Pocos autores han descrito mejor el absurdo de nuestra existencia que Franz Kafka, aunque él no tuviera conciencia, en ningún momento, de que estaba convirtiéndose en el principal exponente de esa tendencia literaria que tantas obras maestras nos ha legado: Se les dio a elegir entre ser reyes o correos de los reyes. A la manera de los niños, todos quisieron ser correos. Por eso hay tantos correos, corren presurosos por el mundo y, como no hay reyes, se gritan unos a otros mensajes que ya no tienen sentido. Gustosamente pondrían fin a esa vida miserable, pero no se atreven a causa del juramento profesional que prestaron. He aquí, en forma de narración, lo que bien podría considerarse una anticipación de un género de moda en nuestros días, la «microficción». Bien leída, parece un resumen de buena parte de sus obras mayores.

Kafka vivía con la idea de su imperfección, y por eso es un artista de lo que podemos entender como «autolimitación»: Entender la suerte de que el suelo sobre el que estás no puede ser más grande que los dos pies que lo cubren, hija de una visión de sí mismo francamente desmoralizadora, según puede leerse en una de las cartas a Felicia Bauer, según lo recoge Stach para contextualizar adecuadamente estas meditadas expansiones íntimas que son los Aforismos de Zürau: No tengo memoria, ni para lo que aprendo ni para lo que leo, ni para lo que vivo ni para lo que oigo, ni para las personas ni para los acontecimientos, me doy a mí mismo la impresión de que no hubiera vivido nada, de que no hubiera aprendido nada, de hecho sé de la mayoría de las cosas menos que los niños de una escuela de párvulos, y lo que sé lo sé tan superficialmente que a la segunda pregunta no puedo ya responder. Soy incapaz de pensar, al pensar tropiezo constantemente con limitaciones, aisladamente puedo coger al vuelo algunas cosas, pero en mí un pensamiento coherente y susceptible de desarrollo es completamente imposible.

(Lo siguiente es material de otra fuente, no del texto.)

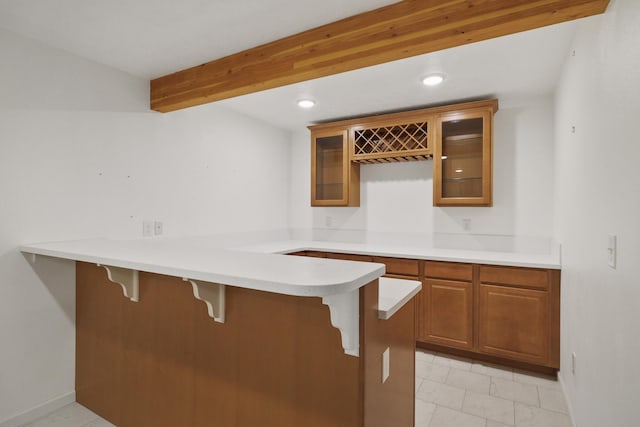 bar featuring beam ceiling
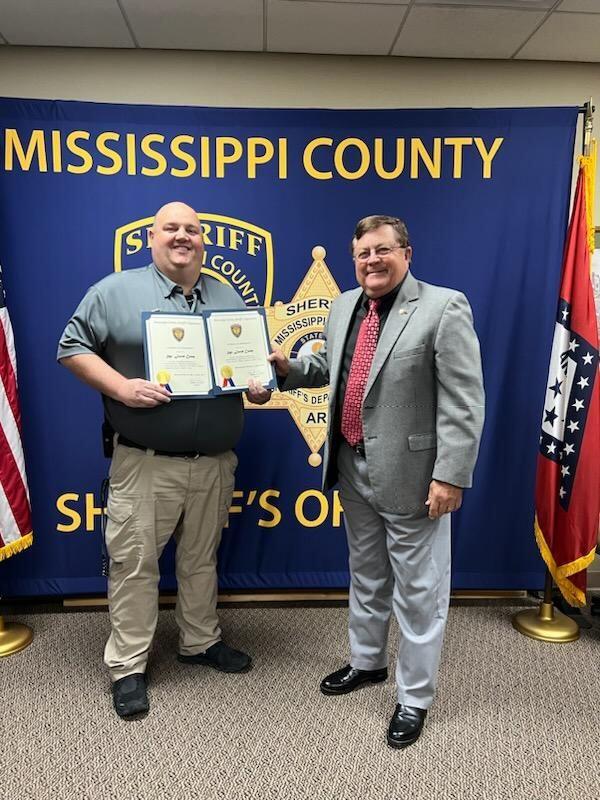 Sergeant Camp posing for photo with Sheriff Cook. 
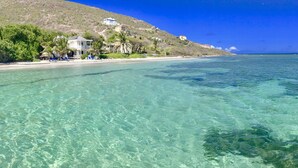 A coastal area with clear turquoise waters, a sandy beach, and buildings on a hillside. - St Kitts Two for One Luxury Villa & Private Lounge on beach breathtaking views! (South East Peninsula)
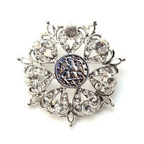 Decorative brooch with crystal-like stones on a white background
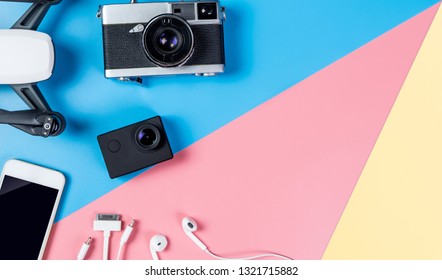 Hi tech travel gadget and accessories and mobile phone on blue yellow pink copy space with drone action camera for portable vlogging concept - Shutterstock ID 1321715882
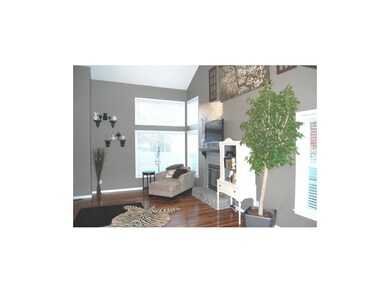 The living room features wonderful windows and a c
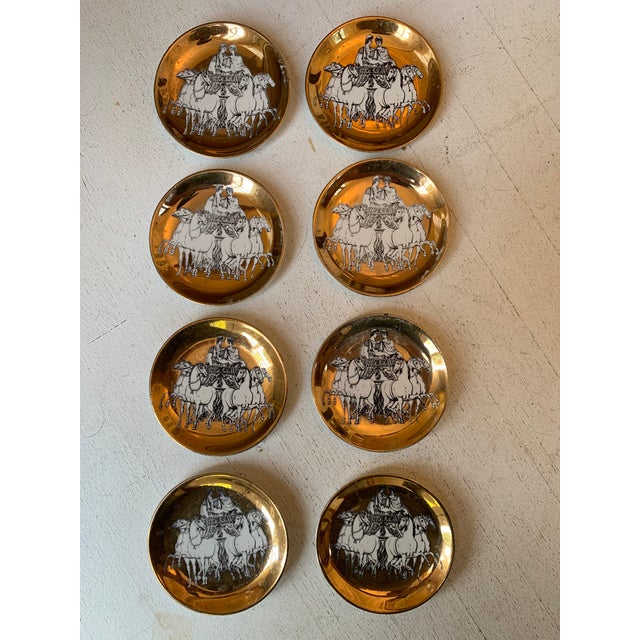 P. Fornasetti ROMAN QUADRIGA . Plates Set of 8 : white roman quadriqua on brass back. Signed on the bottom: FORNASETTI-...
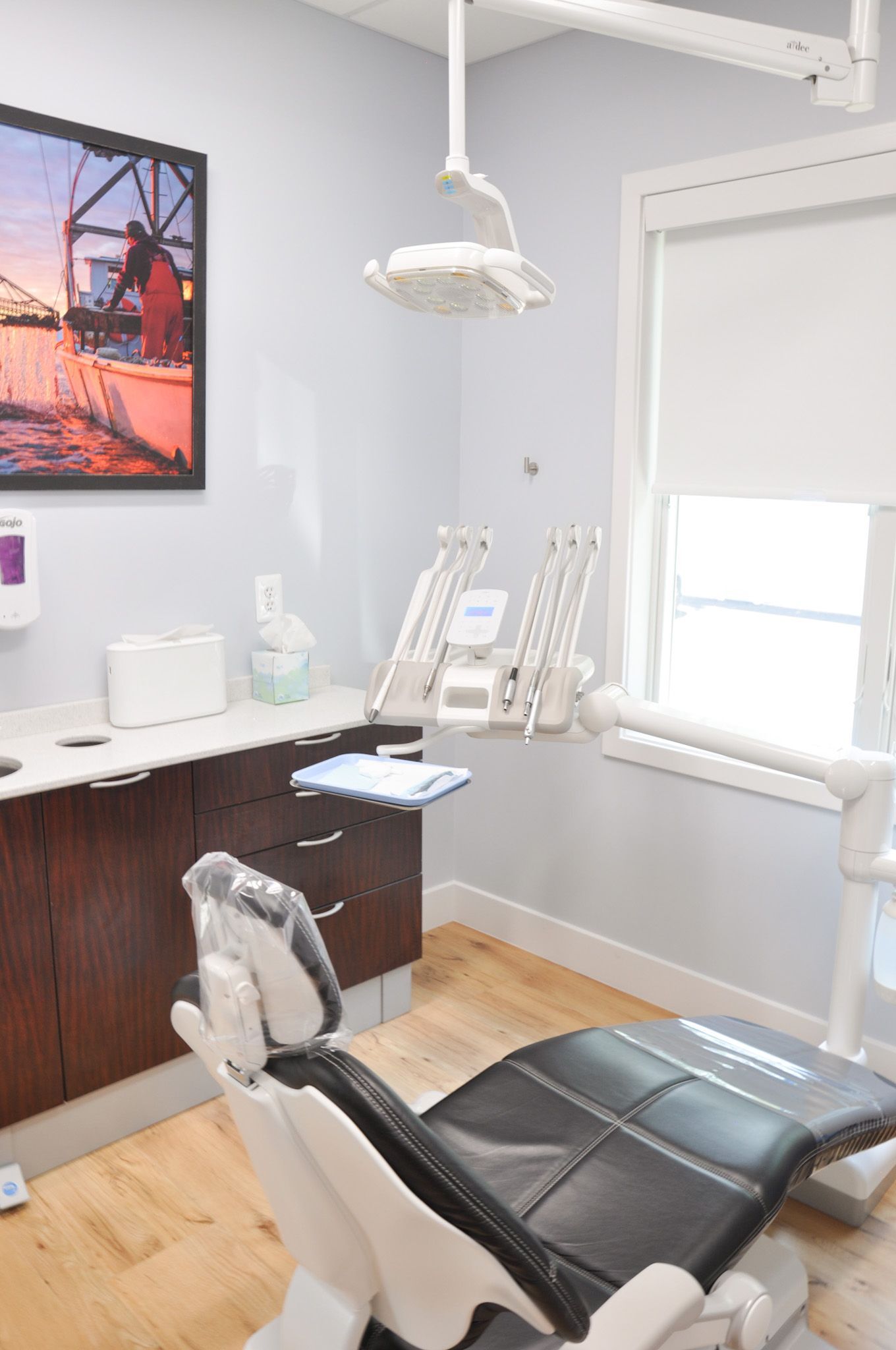 Dental office interior with dental chair, equipment, and a window.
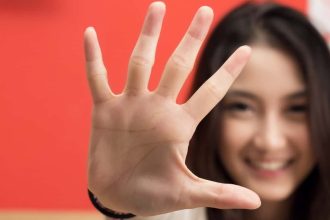Young female hand showing five fingers.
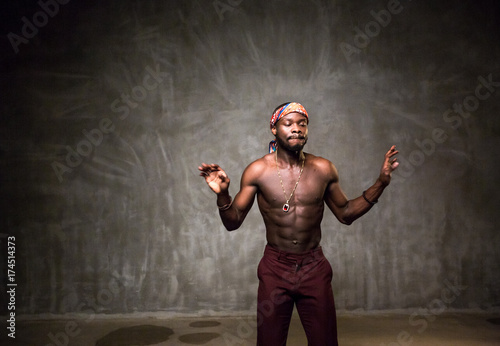 
African American dancing breakdance at a health sports center. Man teaches fitness exercises in the gym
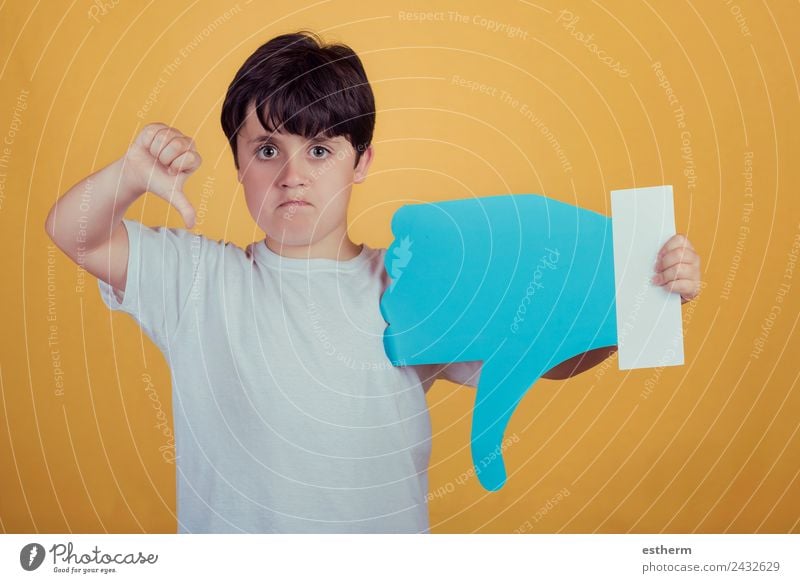 sad boy with a big dislike on yellow background Lifestyle Human being Masculine Child Toddler Boy (child) Infancy 1 8 - 13 years Sign Signs and labeling To talk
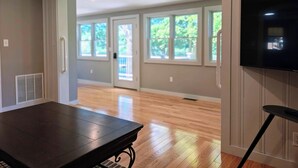 An open-plan living area with a dark wooden table, a television mounted on the wall, and large windows allowing natural light.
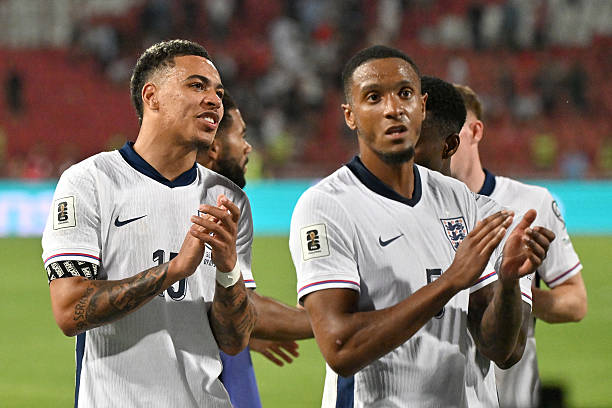 England's Morgan Rogers and Ezri Konsa clapping after a soccer match.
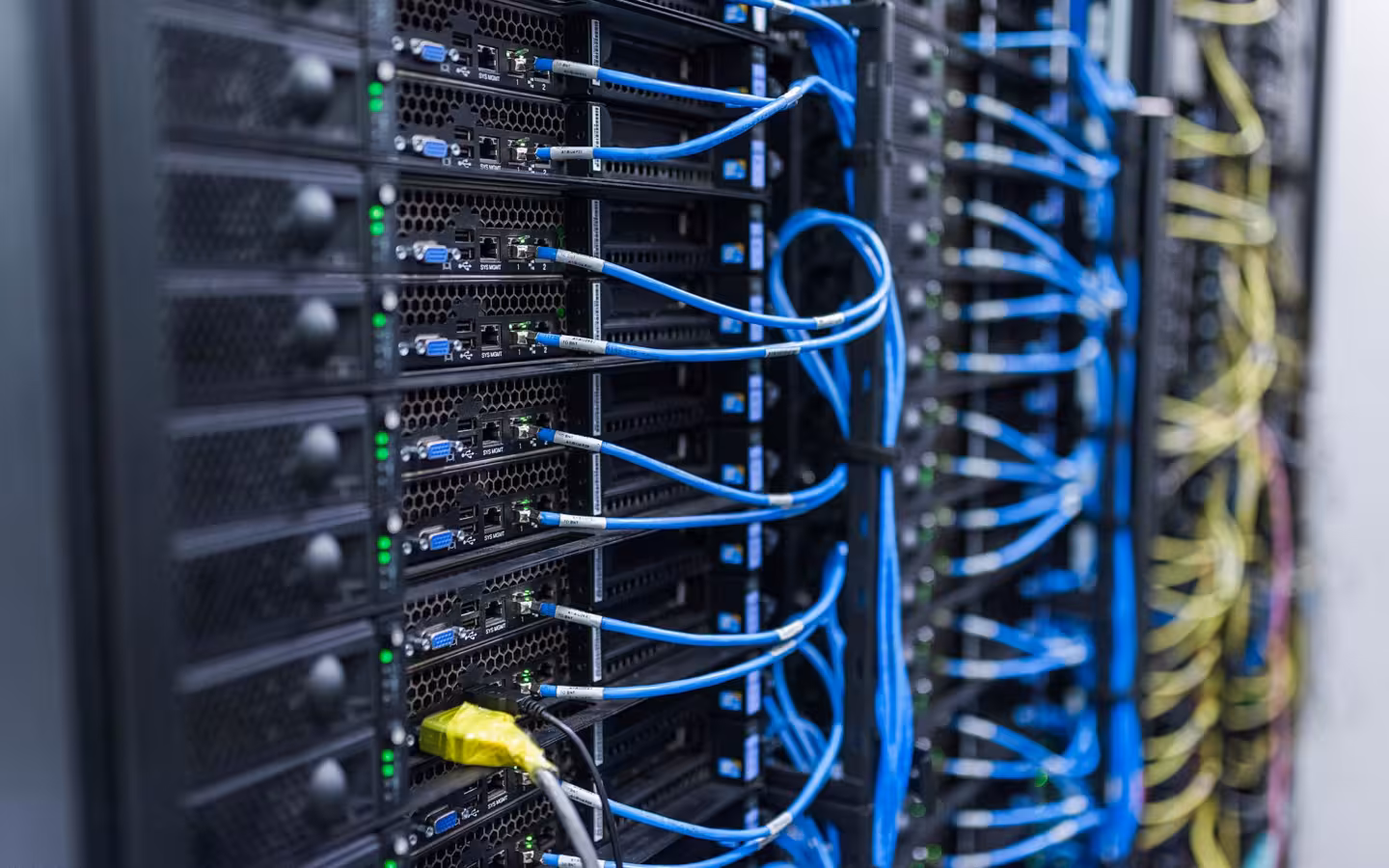 Server racks and blue cables at the FZU Computing Centre in Prague.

          Esta humildad «fundacional» de un autor tan torturado como Franz Kafka, ¡cómo contrasta con el papo hinchado de tanto autorzuelo de tres al cuarto que se pavonea en los media! ¡Y aun de algún consagrado como Eduardo Mendoza quien, para epatar a su audiencia, le confeso paladinamente que «Kafka es un mal escritor», y siguió, después, con unas consideraciones tecnicas más que discutibles.